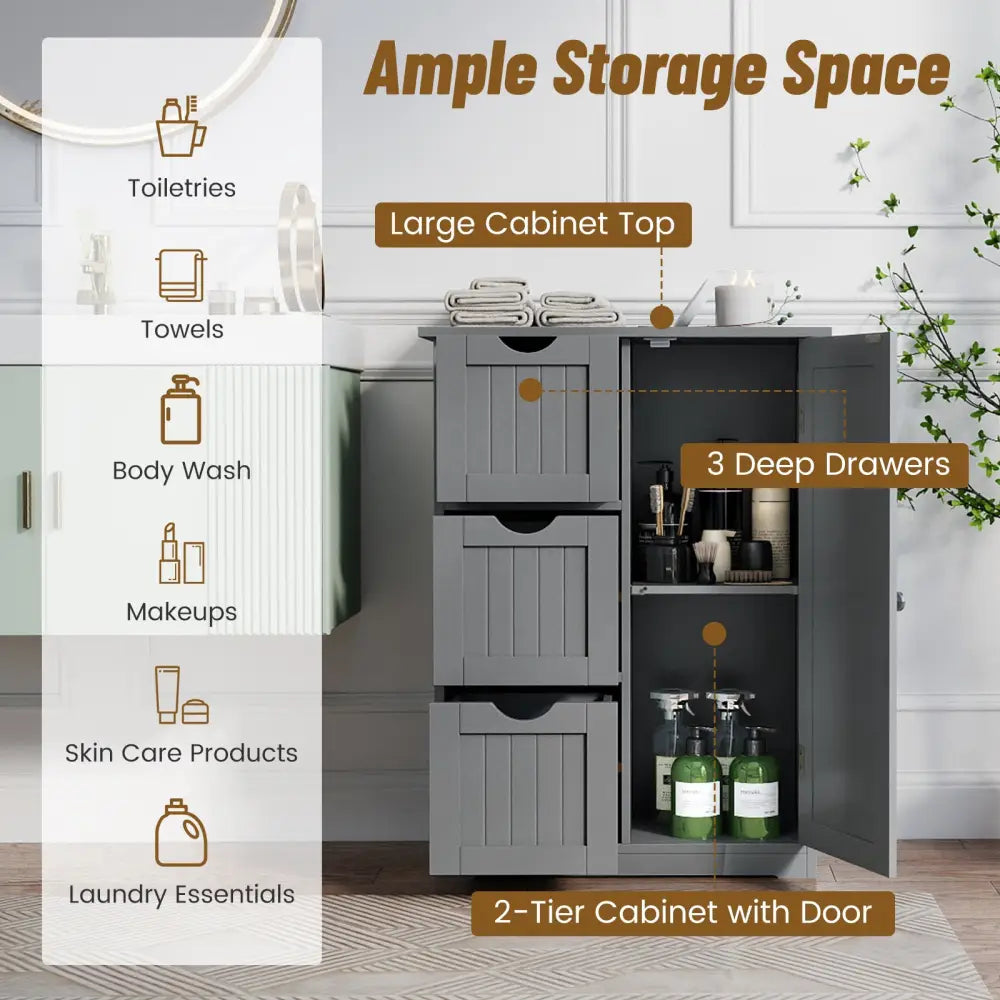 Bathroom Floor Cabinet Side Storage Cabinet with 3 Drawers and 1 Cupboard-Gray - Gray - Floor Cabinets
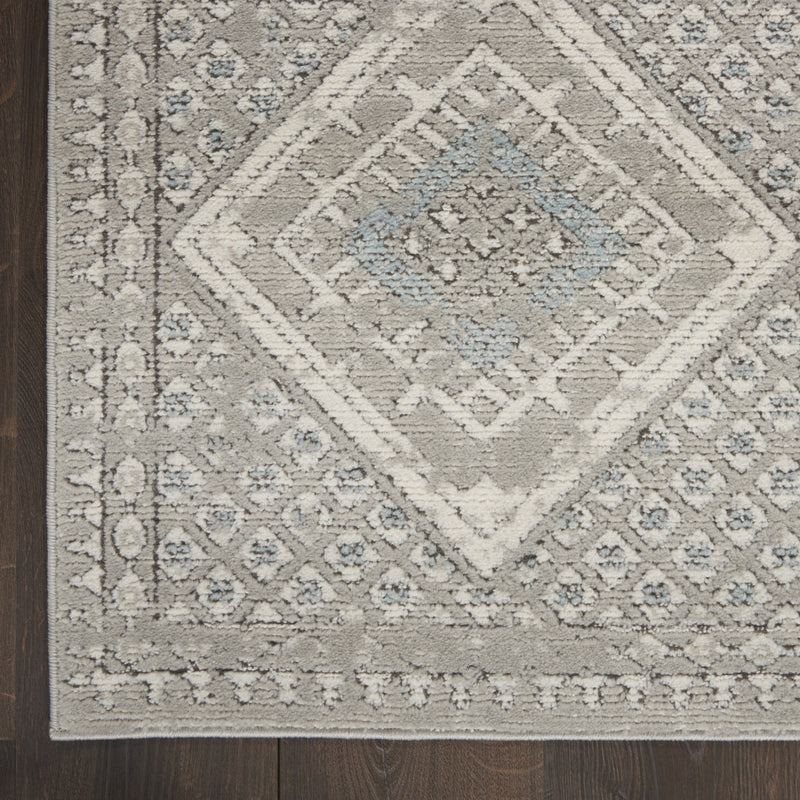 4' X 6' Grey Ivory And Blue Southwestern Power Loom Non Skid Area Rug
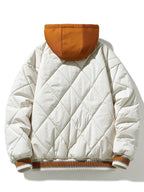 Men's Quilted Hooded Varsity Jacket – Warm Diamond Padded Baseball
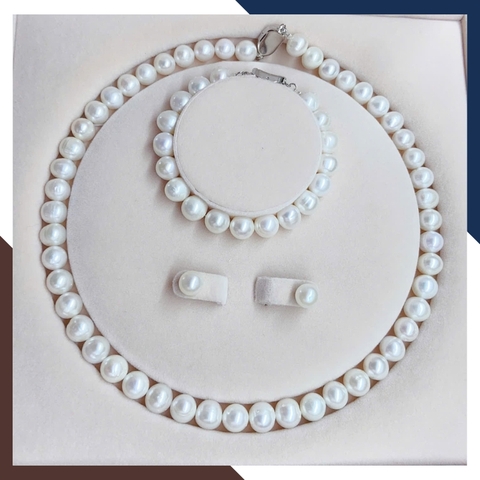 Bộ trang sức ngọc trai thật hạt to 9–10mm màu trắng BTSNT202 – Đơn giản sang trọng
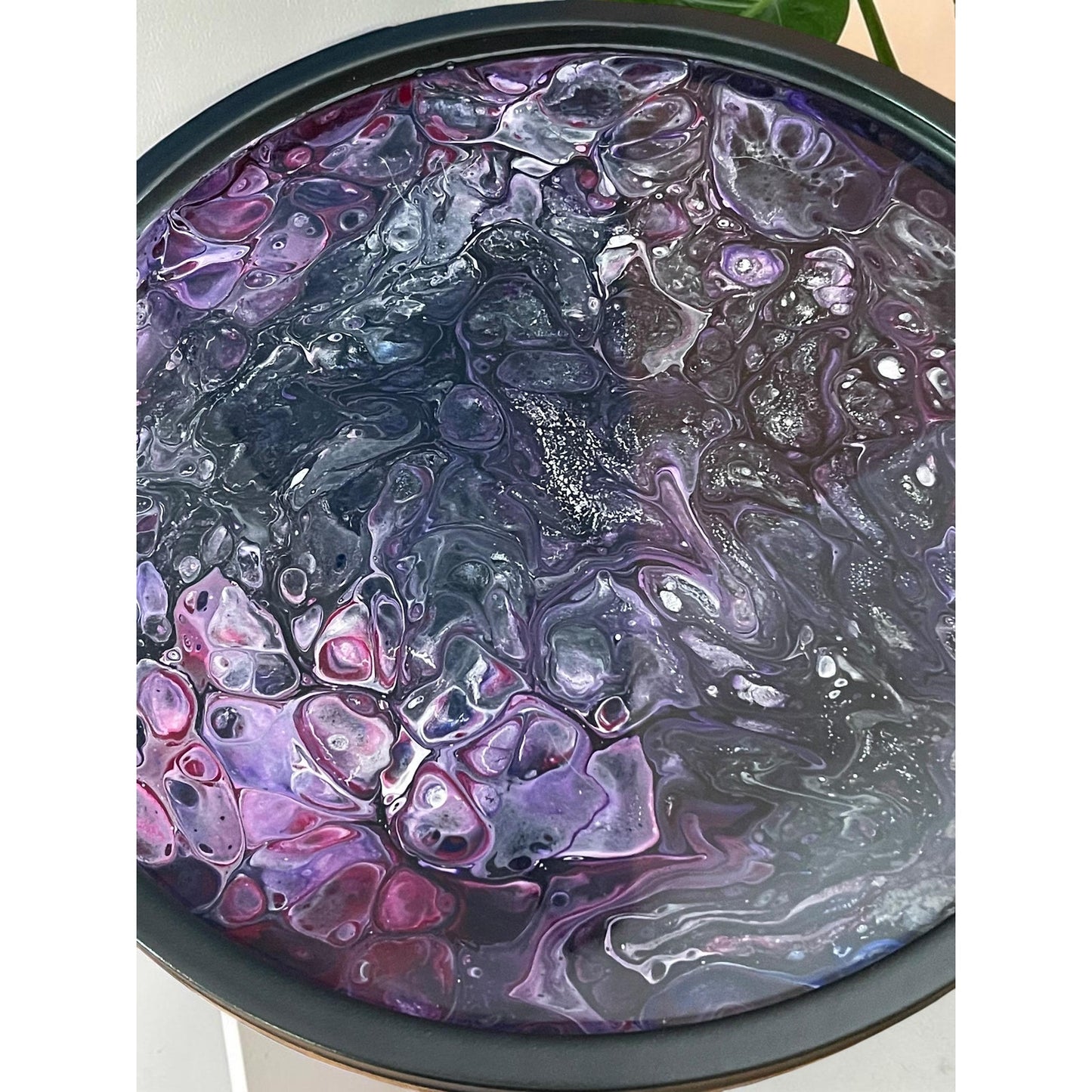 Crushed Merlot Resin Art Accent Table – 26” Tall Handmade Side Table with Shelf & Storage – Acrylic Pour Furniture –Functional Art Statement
┄┄┄┄┄┄
> **PROBLEM DESCRIPTION**
Each entry above should come back word for word, and no picture should come with it.

> **EXERCISE RESULT**
 Bathroom Floor Cabinet Side Storage Cabinet with 3 Drawers and 1 Cupboard-Gray - Gray - Floor Cabinets
 4' X 6' Grey Ivory And Blue Southwestern Power Loom Non Skid Area Rug
 Men's Quilted Hooded Varsity Jacket – Warm Diamond Padded Baseball
 Bộ trang sức ngọc trai thật hạt to 9–10mm màu trắng BTSNT202 – Đơn giản sang trọng
 Crushed Merlot Resin Art Accent Table – 26” Tall Handmade Side Table with Shelf & Storage – Acrylic Pour Furniture –Functional Art Statement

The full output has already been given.